The Ministry of Health, the AG says failed to conduct a pre-shipment inspection of the 20 ambulances which were ready for shipment before payment was made.
This he argues is contrary to the contract. 30 ambulances said to have fundamental defects and declared not fit for purpose were shipped into the country.
A total amount of €2,370,000 has been paid for these 30 vehicles.
The Attorney General called five witnesses including Health Minister Kwaku Agyemang Manu to testify in support of the case.
He believes the testimony so far shows that there was a financial loss to the state, that the loss was caused through the action or omission of Dr Forson and that he should have foreseen such a loss as being probable.
On the thorny issue of whether Dr Forson’s request for letters of credit meant an authorisation of payment, the AG describes the argument against it as “mind-boggling”.
The AG says the evidence so far shows that the letters of credit were irrevocable and once established, payment was guaranteed.
Another issue that forms a key aspect of Dr Forson’s defence is that he wrote the letters on behalf of the substantive Minister for Finance Seth Terkper.

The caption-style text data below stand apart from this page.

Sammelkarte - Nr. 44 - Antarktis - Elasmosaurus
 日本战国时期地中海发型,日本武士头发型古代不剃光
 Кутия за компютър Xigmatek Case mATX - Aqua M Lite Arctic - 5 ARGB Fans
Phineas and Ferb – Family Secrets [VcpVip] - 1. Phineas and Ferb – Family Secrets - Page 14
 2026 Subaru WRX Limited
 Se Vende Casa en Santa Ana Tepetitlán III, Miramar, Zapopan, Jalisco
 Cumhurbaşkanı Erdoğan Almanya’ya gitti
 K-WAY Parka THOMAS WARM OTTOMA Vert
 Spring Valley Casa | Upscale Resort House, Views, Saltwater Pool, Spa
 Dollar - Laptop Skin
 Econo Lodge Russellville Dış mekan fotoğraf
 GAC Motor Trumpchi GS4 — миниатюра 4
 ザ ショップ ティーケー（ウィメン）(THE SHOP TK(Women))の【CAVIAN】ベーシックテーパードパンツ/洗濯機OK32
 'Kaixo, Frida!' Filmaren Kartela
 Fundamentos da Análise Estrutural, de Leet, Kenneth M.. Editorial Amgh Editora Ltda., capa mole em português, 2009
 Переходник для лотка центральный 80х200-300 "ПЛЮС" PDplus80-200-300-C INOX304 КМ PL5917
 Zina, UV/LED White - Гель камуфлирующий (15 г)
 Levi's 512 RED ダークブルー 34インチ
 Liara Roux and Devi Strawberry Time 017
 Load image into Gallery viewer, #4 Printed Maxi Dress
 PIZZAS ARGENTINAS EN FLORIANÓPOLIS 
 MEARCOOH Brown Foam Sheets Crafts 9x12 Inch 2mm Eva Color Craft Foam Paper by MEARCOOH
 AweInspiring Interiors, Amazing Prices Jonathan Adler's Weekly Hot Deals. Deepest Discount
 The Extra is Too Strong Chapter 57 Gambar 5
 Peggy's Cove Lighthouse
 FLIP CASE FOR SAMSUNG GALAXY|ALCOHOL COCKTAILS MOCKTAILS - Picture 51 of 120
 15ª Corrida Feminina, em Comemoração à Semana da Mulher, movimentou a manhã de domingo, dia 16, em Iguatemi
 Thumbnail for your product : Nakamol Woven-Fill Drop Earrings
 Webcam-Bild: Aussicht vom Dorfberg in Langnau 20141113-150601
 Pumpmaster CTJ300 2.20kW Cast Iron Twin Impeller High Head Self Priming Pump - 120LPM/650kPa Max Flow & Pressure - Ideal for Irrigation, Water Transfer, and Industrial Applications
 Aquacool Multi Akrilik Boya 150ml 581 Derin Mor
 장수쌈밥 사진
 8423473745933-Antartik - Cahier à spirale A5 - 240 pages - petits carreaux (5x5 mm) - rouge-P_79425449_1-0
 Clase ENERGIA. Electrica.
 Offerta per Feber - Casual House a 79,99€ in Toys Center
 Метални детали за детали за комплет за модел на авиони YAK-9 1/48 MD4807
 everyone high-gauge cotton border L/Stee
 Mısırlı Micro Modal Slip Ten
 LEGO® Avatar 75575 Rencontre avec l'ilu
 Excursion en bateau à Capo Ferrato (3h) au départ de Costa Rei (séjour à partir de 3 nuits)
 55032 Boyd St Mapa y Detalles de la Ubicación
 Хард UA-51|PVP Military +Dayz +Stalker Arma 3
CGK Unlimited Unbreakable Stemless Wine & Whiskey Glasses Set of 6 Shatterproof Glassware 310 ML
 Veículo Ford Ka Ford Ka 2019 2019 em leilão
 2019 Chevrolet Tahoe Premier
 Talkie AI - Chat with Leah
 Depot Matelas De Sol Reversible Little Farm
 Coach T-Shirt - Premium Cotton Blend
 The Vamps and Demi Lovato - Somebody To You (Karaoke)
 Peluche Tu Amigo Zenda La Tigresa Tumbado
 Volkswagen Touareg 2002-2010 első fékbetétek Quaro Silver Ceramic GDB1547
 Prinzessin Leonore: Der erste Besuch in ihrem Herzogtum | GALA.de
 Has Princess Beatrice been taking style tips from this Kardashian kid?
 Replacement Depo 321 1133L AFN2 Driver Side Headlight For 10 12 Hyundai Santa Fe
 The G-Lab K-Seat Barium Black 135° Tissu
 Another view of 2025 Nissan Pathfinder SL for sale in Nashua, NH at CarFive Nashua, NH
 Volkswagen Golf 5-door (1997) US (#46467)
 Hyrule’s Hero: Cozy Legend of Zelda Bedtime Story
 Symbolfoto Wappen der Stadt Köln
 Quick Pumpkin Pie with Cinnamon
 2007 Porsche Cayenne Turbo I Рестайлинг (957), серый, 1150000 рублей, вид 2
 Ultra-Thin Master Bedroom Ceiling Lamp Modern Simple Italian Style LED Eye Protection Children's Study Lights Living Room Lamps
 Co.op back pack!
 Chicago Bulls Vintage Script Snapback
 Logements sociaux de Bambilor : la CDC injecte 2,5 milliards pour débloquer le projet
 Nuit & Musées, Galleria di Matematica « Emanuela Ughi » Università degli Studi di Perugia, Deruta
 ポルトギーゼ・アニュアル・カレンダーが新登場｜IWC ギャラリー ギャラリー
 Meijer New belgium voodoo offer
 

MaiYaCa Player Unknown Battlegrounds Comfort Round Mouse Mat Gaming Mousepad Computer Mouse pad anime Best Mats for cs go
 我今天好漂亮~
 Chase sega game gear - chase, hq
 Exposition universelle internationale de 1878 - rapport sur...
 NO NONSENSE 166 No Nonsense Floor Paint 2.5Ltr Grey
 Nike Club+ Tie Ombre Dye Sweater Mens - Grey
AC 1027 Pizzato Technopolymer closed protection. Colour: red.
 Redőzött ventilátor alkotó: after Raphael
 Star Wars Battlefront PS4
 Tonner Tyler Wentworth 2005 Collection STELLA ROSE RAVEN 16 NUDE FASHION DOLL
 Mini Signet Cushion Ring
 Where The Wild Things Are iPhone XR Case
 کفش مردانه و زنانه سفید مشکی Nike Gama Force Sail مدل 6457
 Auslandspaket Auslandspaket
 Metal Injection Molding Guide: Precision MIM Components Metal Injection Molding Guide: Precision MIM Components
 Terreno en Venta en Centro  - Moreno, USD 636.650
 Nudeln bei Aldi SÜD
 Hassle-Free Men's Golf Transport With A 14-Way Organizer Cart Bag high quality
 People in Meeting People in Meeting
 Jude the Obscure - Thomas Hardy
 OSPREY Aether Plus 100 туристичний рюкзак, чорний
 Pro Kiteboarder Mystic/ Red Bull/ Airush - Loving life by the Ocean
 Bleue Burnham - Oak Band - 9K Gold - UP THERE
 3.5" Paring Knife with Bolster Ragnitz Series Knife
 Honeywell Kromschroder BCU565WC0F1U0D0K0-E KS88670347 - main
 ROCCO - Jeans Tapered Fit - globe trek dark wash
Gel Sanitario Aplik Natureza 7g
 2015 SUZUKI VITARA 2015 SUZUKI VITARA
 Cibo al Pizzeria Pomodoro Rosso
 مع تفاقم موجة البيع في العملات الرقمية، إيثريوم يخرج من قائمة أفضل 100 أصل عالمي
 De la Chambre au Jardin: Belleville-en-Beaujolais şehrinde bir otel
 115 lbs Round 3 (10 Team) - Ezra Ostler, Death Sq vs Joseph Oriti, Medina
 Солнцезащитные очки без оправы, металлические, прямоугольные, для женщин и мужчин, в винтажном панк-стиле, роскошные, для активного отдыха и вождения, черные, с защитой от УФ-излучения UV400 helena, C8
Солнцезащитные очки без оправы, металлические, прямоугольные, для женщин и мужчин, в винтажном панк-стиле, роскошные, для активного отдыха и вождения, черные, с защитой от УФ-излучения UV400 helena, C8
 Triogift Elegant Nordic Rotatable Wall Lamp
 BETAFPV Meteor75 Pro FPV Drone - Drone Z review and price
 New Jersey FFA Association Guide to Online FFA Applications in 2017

The AG argues the letters were written without any authorisation from any quarters.
“A careful examination of the record does not disclose any so-called authorisation by the former Minister for Finance. On the contrary, exhibits tendered by the prosecution show that A1 (Dr Forson) acted on his own and not through any alleged authorisation by his former boss.
“The actions taken by the Controller and Accountant-General as well as the Bank of Ghana all relied on A1’s actions, not any action by Seth Terkper,” the AG stated.
He insists evidence tendered including an internal memorandum from the Ministry of Finance shows that the staff who worked on the transaction relied solely on Dr Forsons’ authorisation and not the Minister.
The AG points out that his witness, police investigator Rockson Gyamfi said; “…in the course of our investigation, the team spoke to the then minister of finance, Seth Terkper and he stated in his statement given to the office that upon the assumption of his office, there was a moratorium on the loans including the loan contracted for the ambulance.
“The team also got a letter from the Ministry of Finance addressed to Big Sea where the Minister was informing them that the loan agreement had lapsed and efforts are being made to operationalise the loans which had been approved by Parliament as the source of funding for the procurement of the 200 ambulances.
“Investigators further obtained a letter from MOD which indicated that the then deputy minister of finance had instructed that the LC be charged against the MOH budget”.
The AG maintains the investigator did not admit at any point during cross-examination that Seth Terkper told them he authorised the writing of the letters.
“Having clearly showed that he was acting on his own and not on the authorisation of a superior authority…the prosecution has strongly established a case under count one levelled against A1, we invite the court to call on A1 to open his defence.”